Нам возразят, что только страх наказания может принудить людей выполнять свой долг; — увы, этот обычный припев сторонников репрессий является ложным аргументом. Наши учреждения, во-первых, доказывают, что страх наказания не устраняет преступлений, и, во-вторых, мы видели, что традиция и обычай всесильны у народов, называемых нами низшими. Неужели приходится сознаться, что наша нравственность ниже их?

Вот, что рассказывает Белло об индейцах полярных стран по поводу складов с’естных припасов, устраиваемых ими в дни удачной охоты, в расходовании которых они должны быть особенно экономны, так как часто сами терпят страшный голод.

„19 июня… Г. Геберн сказал, что индейцы ему принесли мясо, к которому они не притрагивались, хотя не ели уже трое суток. Они устраивают склады, в которых прячут часть своих запасов, чтобы волки не могли с’есть. Если вы очень нуждаетесь, они не имеют ничего против, чтобы вы взяли, сколько вам нужно, но не выбирая кусков; ибо, говорят они резонно, голодный человек без разбора берет то, что находит. Равным образом считается преступлением, если кто-нибудь не закроет кладовую”[13].
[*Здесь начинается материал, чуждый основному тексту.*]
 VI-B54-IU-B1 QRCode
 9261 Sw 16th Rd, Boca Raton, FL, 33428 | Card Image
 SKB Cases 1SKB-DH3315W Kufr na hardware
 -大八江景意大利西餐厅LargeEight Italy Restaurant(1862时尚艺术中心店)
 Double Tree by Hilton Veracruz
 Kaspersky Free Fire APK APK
Следующий пример находим у Вамбери, и нас не могут обвинять в том, что мы берем примеры из жизни идиллических народов, так как здесь говорится о туркменах, единственное занятие которых составляет грабеж.

Туркмены, по моим сведениям, мало похожие на описываемых Муравьевым, разделяются на девять племен, называемых Халько, которые делятся на колена или тэфы, а эти на роды или тиры”.
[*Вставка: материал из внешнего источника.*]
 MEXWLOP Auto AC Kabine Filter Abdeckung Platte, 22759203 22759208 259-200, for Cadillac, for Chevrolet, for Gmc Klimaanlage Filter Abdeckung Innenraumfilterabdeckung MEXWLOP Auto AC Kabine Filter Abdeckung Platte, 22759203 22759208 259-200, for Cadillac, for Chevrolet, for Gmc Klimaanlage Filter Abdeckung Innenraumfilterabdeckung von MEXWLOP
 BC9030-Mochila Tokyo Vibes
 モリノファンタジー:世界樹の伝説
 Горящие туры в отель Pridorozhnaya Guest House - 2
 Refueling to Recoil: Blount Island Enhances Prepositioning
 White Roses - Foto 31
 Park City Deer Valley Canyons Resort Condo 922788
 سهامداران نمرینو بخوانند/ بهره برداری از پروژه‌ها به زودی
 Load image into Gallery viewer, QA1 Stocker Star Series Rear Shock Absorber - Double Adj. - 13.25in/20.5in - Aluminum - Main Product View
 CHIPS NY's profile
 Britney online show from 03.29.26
„Двойная связь: солидарность людей, принадлежащих к каждому роду, и родов, из которых состоит каждое колено, образует главный связующий элемент этого странного общества. Тот не туркмен, кто не знает с самого раннего возраста к какому роду и колену он принадлежит, и кто не гордится силой и численностью своего племени. Впрочем, в нем он находит всегда защиту от произвольного насилия со стороны членов других родов; ибо все племя в случае обиды одного из своих сынов обязано требовать удовлетворения”[14]. И далее:

„Кочевники, живущие в этой местности, пришли толпою осмотреть караван; завязалось нечто в роде торговли; я видел, как заключались в кредит довольно значительные сделки купли и продажи. Редакция долговых обязательств и в особенности их транскрипция, конечно, были мне об’яснены. Меня удивило, что должник вместо того, чтобы передать обязательство за своею подписью кредитору, оставляет его в своем собственном кармане; и так, впрочем, делается во всей стране. Кредитор, которого я спросил относительно такого способа действий, совершенно обратного нашим обычаем, ответил мне просто: „Зачем мне сохранять это письмо, и к чему оно мне? должник нуждается в нем, чтобы помнить срок платежа и сумму, которую он обязан мне уплатить”[15].
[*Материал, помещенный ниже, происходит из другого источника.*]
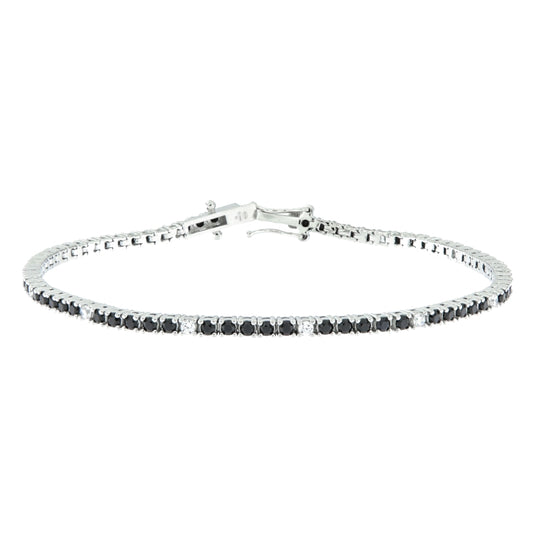 SENSE Mod. 1004292-NB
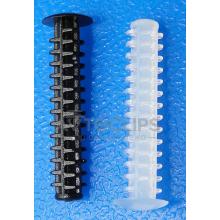 C 1232 - Держатель C 1232 - Держатель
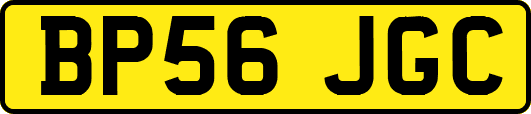 BP56JGC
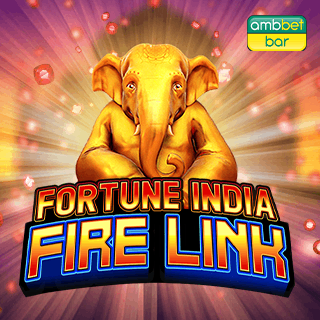 Fortune India FIRE LINK demo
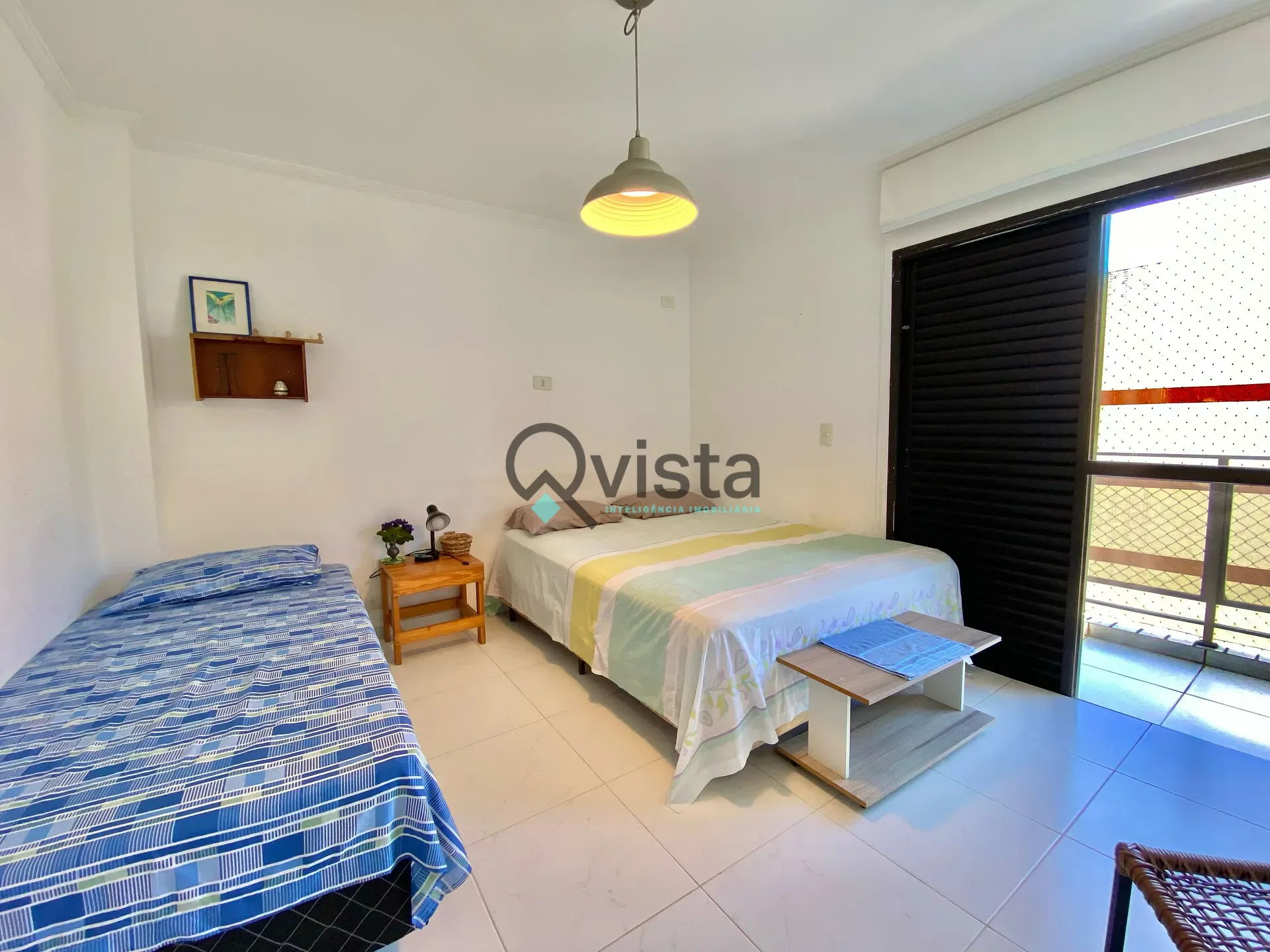 Apartamento, 2 quartos, 84 m² - Foto 11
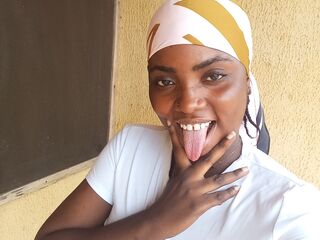 masturbating TinaWildy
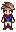 MANGO avatar
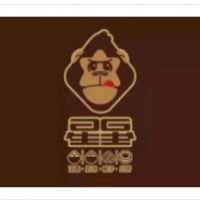 星星奶冰汤圆加盟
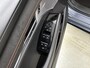 Mazda 3 2.5 e-SkyActiv-G M Hybrid 140 Nagisa | Leder | Stoelgeheugen | Dodehoekdetectie | Stoelverwarming | Camera | Apple Carplay/Android Auto |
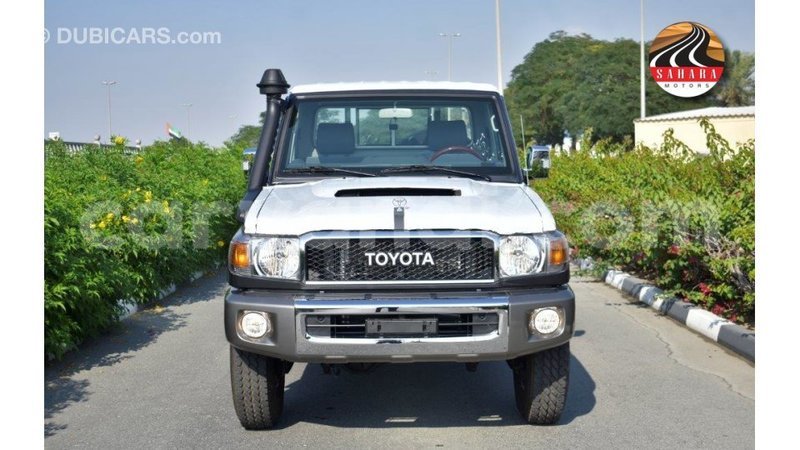 Big with watermark toyota land cruiser zambia import dubai 9742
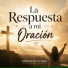 Adoración a Cristo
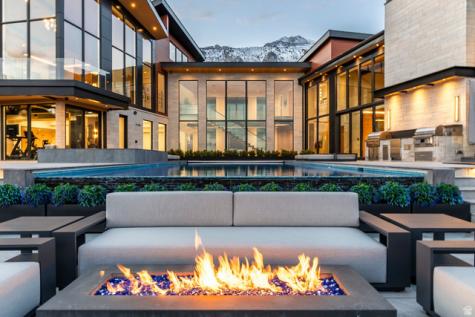 476 E Three Falls Drive Alpine UT 84004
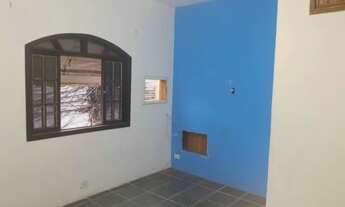 Imagem 2: Kitnet, Centro de Nilopolis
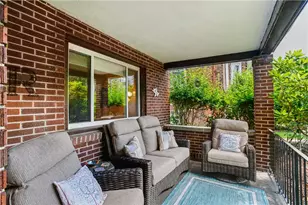 6323 Caton St, Pittsburgh, PA 15217 - Photo 6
Таким то образом разбойники подают нам пример честности и верности данному слову. Но торговые сношения в нашем современном обществе, как бы ни было оно испорчено, отчасти основаны на доверии и честности, и торговля не могла бы существовать ни одной минуты, если бы приходилось рассчитывать только на страх перед законом.

Закон наказывает и может наказывать только тогда, когда известен виновный в преступлении; но человек, каждый раз, когда он совершает дурной поступок — считает ли он сам его таковым, или так его квалифицирует закон — совершает его только при уверенности, что он не будет открыт[16], или тогда, когда польза, извлекаемая им щедро, вознаградит его за лишения, сопряженные с наказанием, которому он может подвергнуться. Закон бессилен предупредить преступление, когда причины, побуждающие к нему человека, сильнее чувства страха.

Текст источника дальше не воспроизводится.